JPH0435629Y2 - - Google Patents

Description

[Detailed Description of the Invention] [Industrial Application Field] The present invention relates to a seismic isolation device used for machine foundations and structure foundations such as buildings.

[Prior art and its problems]

As shown in FIG. 7, one such seismic isolation device uses a laminated rubber body 1 in which rubber and steel plates are alternately stacked. In the figure, 2 indicates a building, and this laminated rubber body 1 is arranged, for example, between a building 2 as one displacement body and a foundation 3 as the other displacement body, and the foundation 3 is connected to the building through the laminated rubber body 1. Support 2.

However, this laminated rubber body 1 has enough elasticity to support the weight of the building, etc. and absorb horizontal vibrations, and can withstand large horizontal displacements of the building, etc. with respect to the ground due to horizontal vibrations.

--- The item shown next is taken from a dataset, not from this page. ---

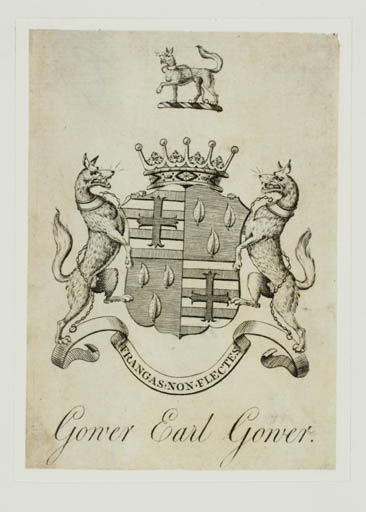 Exlibris by ? ? from Great Britain for John Leveson Gower - Heraldry Historical Person Regent/royalty 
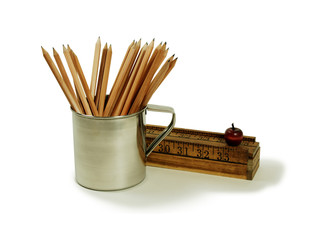 Set of wooden pencils used for drawing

However, the damping force is weak and large horizontal displacements occur, causing various inconveniences to buildings etc. due to large lateral swaying, so how to minimize horizontal displacements remained an issue.

The purpose of the present invention is to eliminate the disadvantages of the conventional example,
The object of the present invention is to provide a seismic isolation device with a simple structure that can damp horizontal vibrations in combination with the laminated rubber body.

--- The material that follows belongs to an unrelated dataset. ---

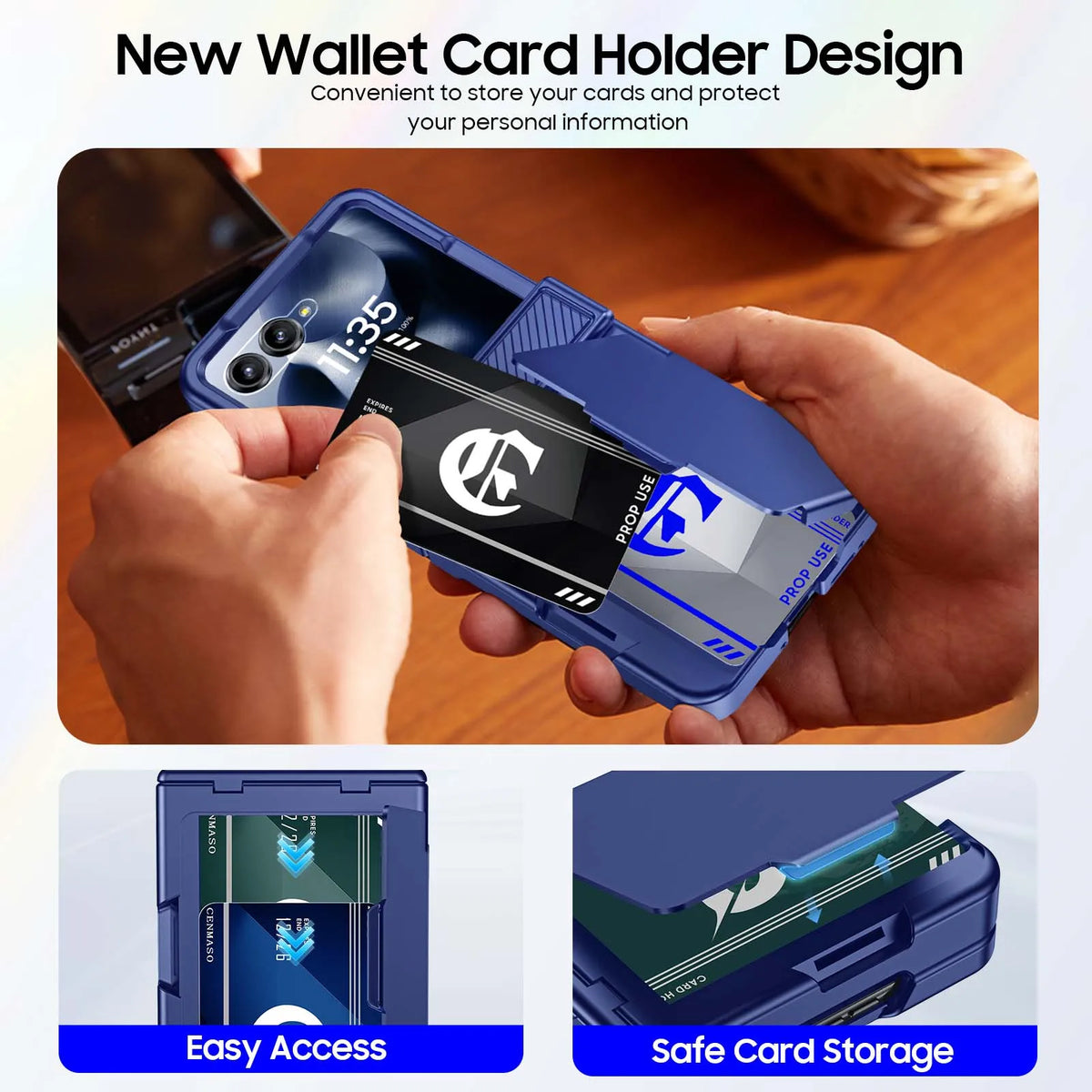 With Card Clip,Hinge Protection,RFID Shielding and Screen Protector,Christmas Gift,for Moto Razr 60 2025/50 2024 Case-Blue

[Means for solving problems]

In order to achieve the above object, the present invention arranges a laminated rubber body between the displacement bodies, supports one displacement body by the other displacement body, and has different poles facing each other between the displacement bodies. The main idea is to arrange the magnets vertically and to restrain the magnets from moving laterally relative to the displacement body, and to attach at least one magnet so that it can move vertically relative to the displacement body. It is something to do.

[Effect]

According to the present invention, in response to horizontal vibration, the two magnets of the device of the present invention slide and try to separate in the horizontal direction, but the mutual attractive force between the magnets acts effectively.
Frictional damping helps absorb and alleviate horizontal vibrations.

Note that with respect to displacement in the vertical direction, the action of the laminated rubber body is not affected because at least one of the displacement bodies does not restrain the magnet in the vertical direction.

〔Example〕

Hereinafter, embodiments of the present invention will be described in detail with reference to the drawings.

Fig. 1 is a vertical sectional front view showing the first embodiment of the seismic isolation device of the present invention, and Fig. 2 is a front view showing the same in use.In the figure, 2 is a building as one displacement body, 3 is the other As shown in FIG. 2, a laminated rubber body 1 is separately provided between these, and the foundation 3 supports the building 2 via the laminated rubber body 1.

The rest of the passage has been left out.